PS: How can the people around technology in organizations trying to compete out there best go about building an information architecture to aid in company decision making? What if different people have different perceptions about performance?

WM: The key is to get the right workload - a combination of the data and its processing - into the right platform based on its unique characteristics. Today, there are many options including many that have not been considered by organizations, at their peril. These include master data management, Hadoop, NoSQL systems, data stream processing and graph databases. And for all of it, there is the cloud computing option. I describe the options in the book. Various infrastructure like master data management, data virtualization and agile practices are helpful at enabling new technologies and I describe these as well. Perception matters in determining the suitable performance of a platform, but know that expectations go nowhere but up over time. Again, that platform choice is crucial. Most organizations need more possibilities at their disposal.

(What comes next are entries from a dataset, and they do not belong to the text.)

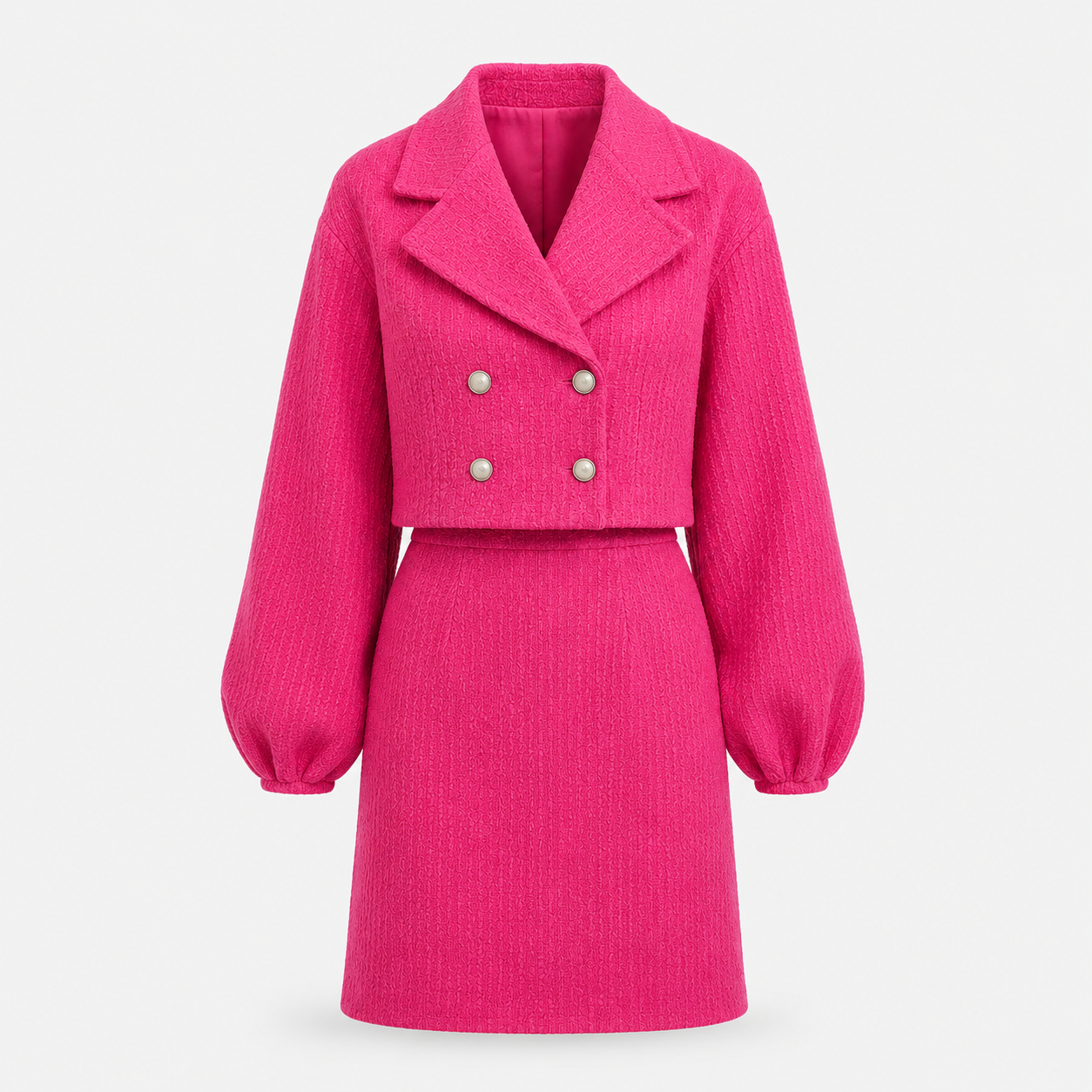 TC-CLASSIC JACKET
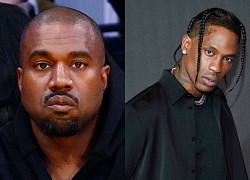 Kanye West rapper &#8220;lắm tài nhiều tật&#8221;, mắc phải sai lầm khi biểu diễn hậu phát ngôn về &#8220;bài Do Thái&#8221;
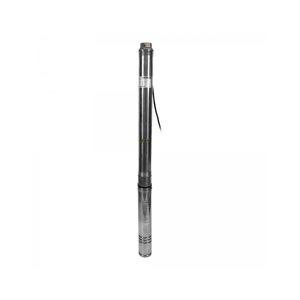 Pompă submersibilă de puț adânc DDT Profesional 3SDM3/20 din oțel inoxidabil - DDT Pompe submersibile
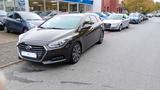 Hyundai i40 cw blue Premium "Automatik,Vollleder,SHZG," - Hyundai i40 aus 2016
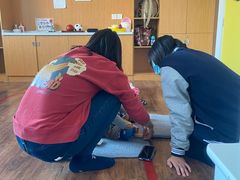 -遇见未来早教·托育中心(玛斯兰德旗舰店)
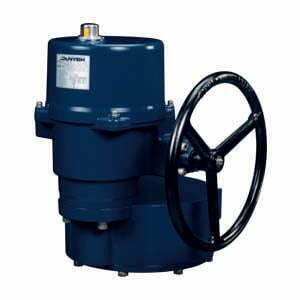 Electric Actuator : OM-13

It is difficult to replace something working. As long as SAP is running - albeit slower than some would like - or the fraud detection system is working - though it is too slow to stop much of the fraud - performance can always be promised as being "around the corner." One more round of parameter tuning, one more patch, one more code tweak and it will perform. However, most of the time, the improvements are minor at best. At the same time, the data is growing, the plans for the usage of the system are growing and the reliance is larger than ever. I encourage my readers to architect their information systems for scalability.

PS: It has been touted for decades that a sound data strategy is to dump all company data into a data warehouse, yet you take issue with that approach.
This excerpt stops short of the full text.